Publication date: Jun 11, 2019
But another type of infection linked to drug use is also on the rise: infective endocarditis.
The drug use-associated (DUA) infectious diseases are on the rise across a range of disorders.
-The rise in endocarditis is making it clear that overdoses are not the only public health concern related to drug use,” said Asher Schranz, MD.
-Now, the spike in infectious diseases related to injection drug use is due to a surge in illicit Fentanyl analogs, alone and mixed with other drugs-in particular, methamphetamine. “
In 2018, Springer served on the planning committee for a workshop on integrating treatment for opioid use disorder and infectious diseases.
Many patients with DUA IE have other infections that also require treatment.
-If patients’ underlying opioid use disorder is not identified, and thus not treated, then they are often unable to get or complete effective treatment for their infections.

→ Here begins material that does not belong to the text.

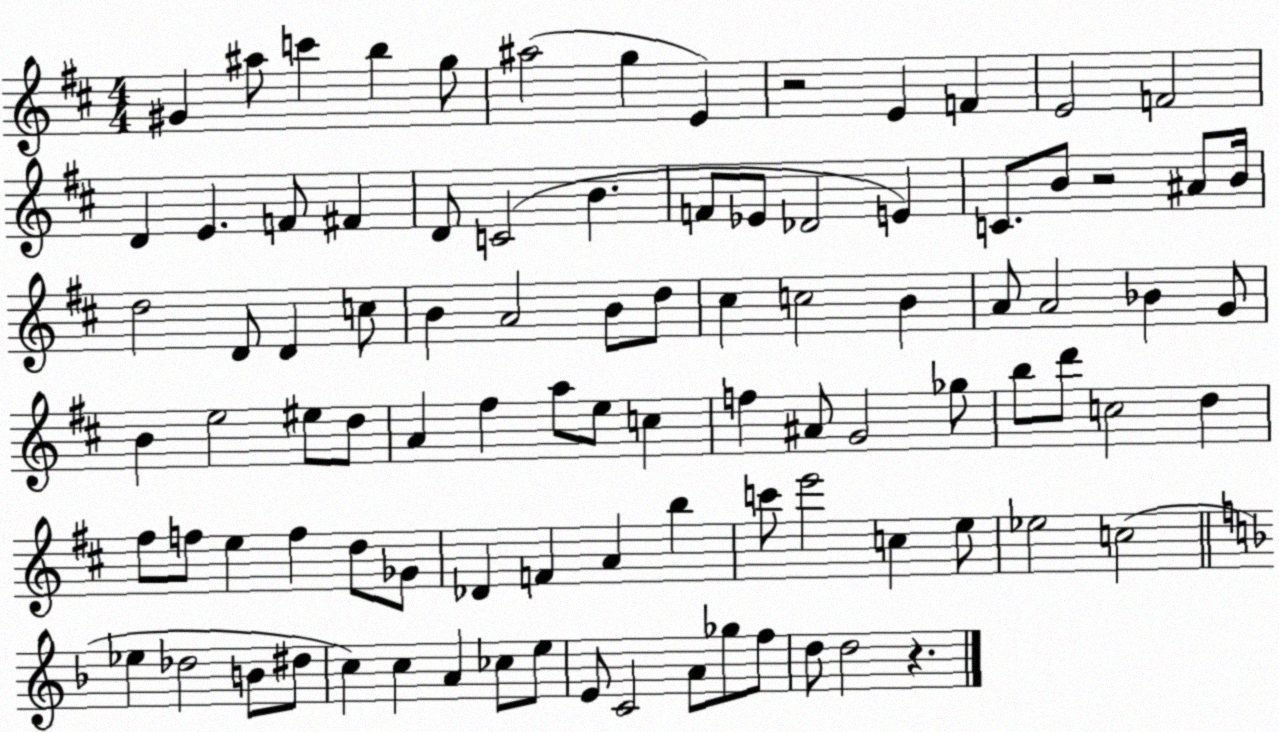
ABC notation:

Surgeons may not operate on a patient who is unable to stop using drugs due to untreated addiction, or patients may be readmitted multiple times for poorly or untreated infections,” Springer added.
Experts agree that when a person is hospitalized due to DUA IE, or any other infection related to the intravenous intake of any drug, it is an opportunity to intervene and help reduce further harms.
The increasing number of patients with drug use-associated infective endocarditis is just another visible manifestation of the growing problem of DUA infections.
-Integrating treatment for opioid use disorder and infectious diseases is critical to ending these coalescing epidemics,” said Springer.